# TASK:
In the records below, begin at the line containing "Gifty Snowman Glass Ornament" and end at the line containing "Else Chunky Pointelle V-Neck Beige"; quote every line in that span exactly, including both boundary lines, and no others.

# DATA SHOWN:
────────────────────────────────────────

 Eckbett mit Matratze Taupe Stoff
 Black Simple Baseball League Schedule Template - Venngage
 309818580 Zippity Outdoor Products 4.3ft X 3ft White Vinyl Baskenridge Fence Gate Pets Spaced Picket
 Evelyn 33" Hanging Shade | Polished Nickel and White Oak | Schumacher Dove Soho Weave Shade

────────────────────────────────────────

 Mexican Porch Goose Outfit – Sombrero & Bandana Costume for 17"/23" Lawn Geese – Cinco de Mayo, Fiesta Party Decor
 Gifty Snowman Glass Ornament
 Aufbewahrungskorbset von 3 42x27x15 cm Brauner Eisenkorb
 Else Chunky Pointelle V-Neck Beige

────────────────────────────────────────

# FINISHED TASK:
 Gifty Snowman Glass Ornament
 Aufbewahrungskorbset von 3 42x27x15 cm Brauner Eisenkorb
 Else Chunky Pointelle V-Neck Beige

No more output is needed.